В конце XVIII века к схожему выводу пришел Кант, посчитав, что в «Критике чистого разума» ему удалось определить, что деятельность разума ограничена сферой опыта, поскольку основные понятия, которые он использует, служат для формирования опыта как нашего опыта. Как только разум пытается выйти за границы опыта, он погрязает в принципиально непреодолимых трудностях, возникающих из-за того, что ввиду отсутствия чувственных данных разум обращается к понятиям, использование которых допустимо только в привязке к чувственной интуиции, поскольку они конституируют сам опыт. Разум, беспрестанно ищущий абсолют, разумеется, естественным образом склонен к пустым спекуляциям, но задача Канта – предостеречь нас от сей пагубной склонности.

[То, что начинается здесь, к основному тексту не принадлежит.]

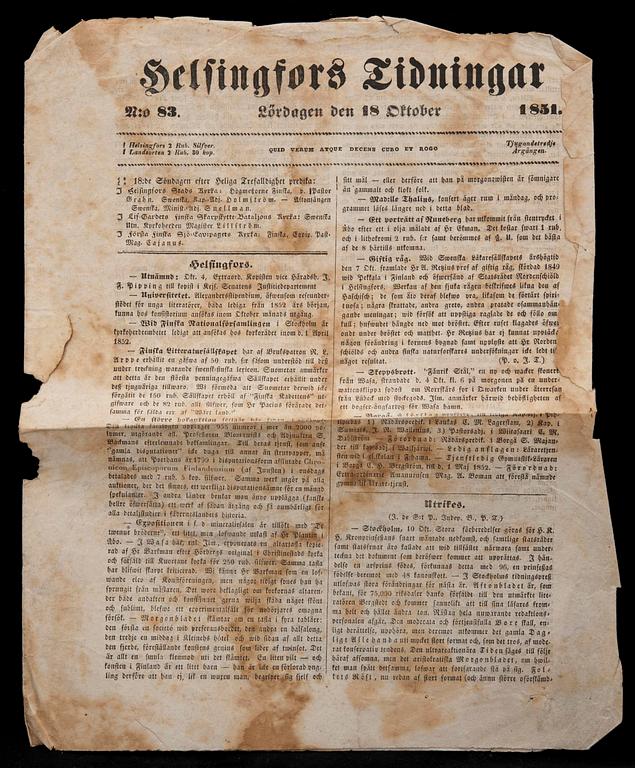 TIDNINGAR, 8 st, Hufvudstadsbladet, Helsingfors Tidningar m.fl. Helsingfors 1829-1881.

Витгенштейн, как видно из вышеприведенной цитаты из предисловия, разделяет мысль о том, что философские проблемы суть мнимые проблемы, однако подходит к ней по-иному: метафизика должна быть отвергнута не потому, что она втягивает нас в не основанные на опыте рассуждения, но потому, что она пытается выразить то, что в принципе не выразимо посредством языка, из чего следует, что метафизические высказывания просто лишены смысла, так же и как высказывания вроде «мир имеет который».

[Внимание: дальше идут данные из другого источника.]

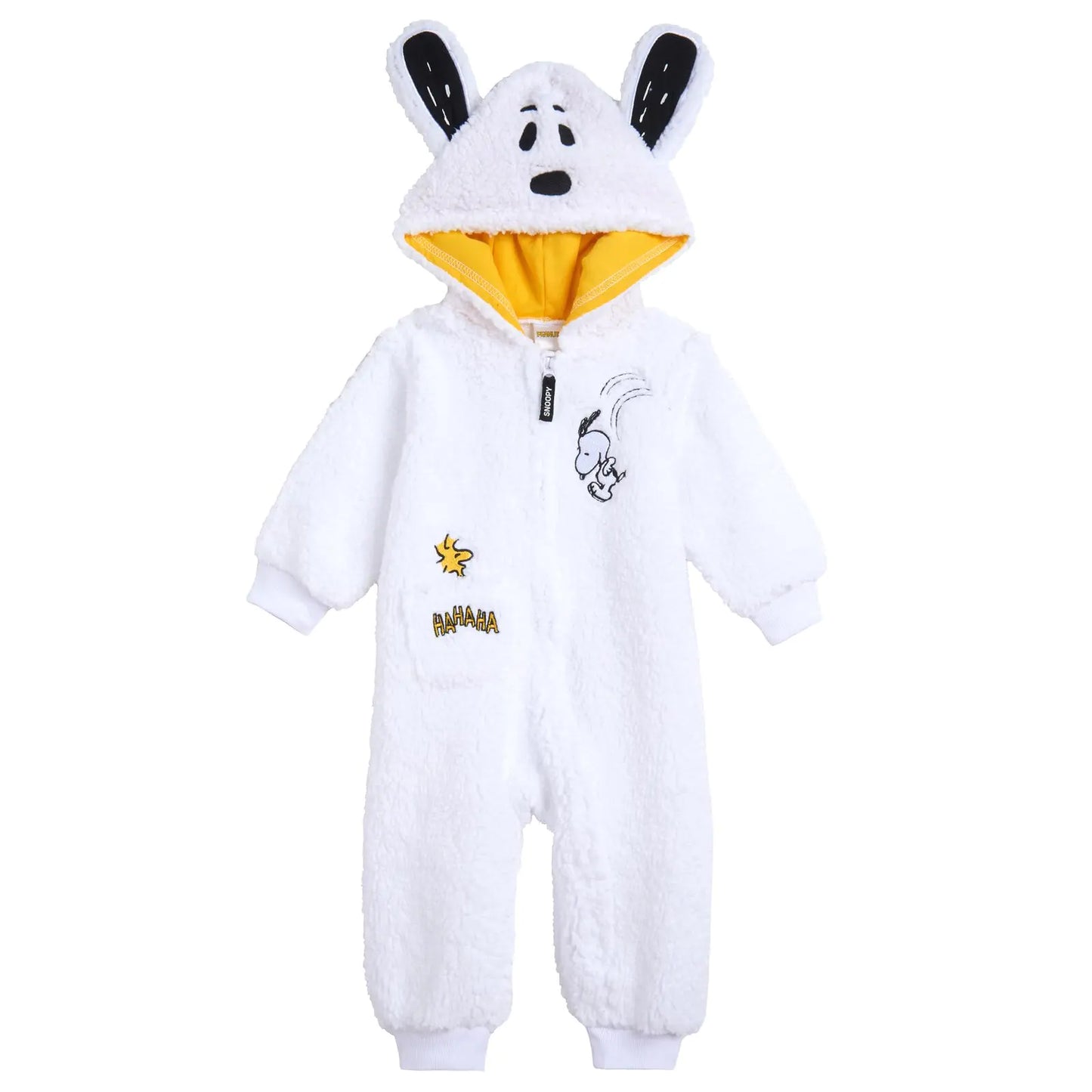 PEANUTS Woodstock Snoopy Newborn Baby Boys Cozy Sherpa Zip Up Cosplay Coverall White 6-9 Months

На чем основано подобное утверждение? Как уже было отмечено выше – на представлении о том, что философы-метафизики ошибочно понимают «логику нашего языка». Это означает, что необходимо проводить различие между этой «логикой нашего языка» и грамматикой, которую мы осваиваем в начальной школе. Существуют формулировки, которые, несмотря на свою грамматическую и даже семантическую правильность, являются логически несовершенными, а значит, в действительности бессмысленными. Суть не в том, что невозможность доказать, обосновать, опытно подтвердить эти формулировки делает их однозначно сомнительными, но в том, что они фактически ничего не говорят.
Что означает подобное противопоставление между грамматикой и логикой? Идет ли речь о подходе, присущем лично Витгенштейну? Не совсем. В этом противопоставлении содержатся два аспекта, которые нам необходимо раскрыть.
С одной стороны, здесь обнаруживается идея того, что лексика и грамматика языков не являются, так сказать, «невинными». Эта тема, которая прослеживается на протяжении всего XIX века, особенно в Германии, зиждется на соображении, изложенном в XVIII веке Гердером, а именно: язык представляет собой не нейтральный инструмент мышления или разума, но то, в чем и посредством чего мы мыслим. Язык формирует мышление, а значит, определяет его в культурном и историческом отношениях: не существует некоего, неизменяемого и независимого от языка мышления, предшествующего языкам, на которых говорят люди; наоборот, мышление существует только в единстве с языками, которые по существу являются историческими реальностями, претерпевающими изменения во времени и пространстве.
Исходя из этого, можно с легкостью заключить, что принимаемое нами за возвышенные (метафизические) истины или неоспоримые выводы, на деле является лишь (не осознаваемым нами) воздействием некоторых характеристик языков, на которых мы говорим. Приведем простой пример. Мы можем сказать осмысленно, что то или иное предложение истинно, если оно отображает то, что существует в действительности. Образование производных слов, например во французском языке, позволяет превратить прилагательное в существительное так, что можно говорить об истинности данного предложения, затем мы постепенно переходим к разговору об истине вообще и начинаем размышлять об Истине с большой буквы, задаваясь вопросом, к примеру, о том, существует ли истина сама по себе, абсолютная истина и т. п.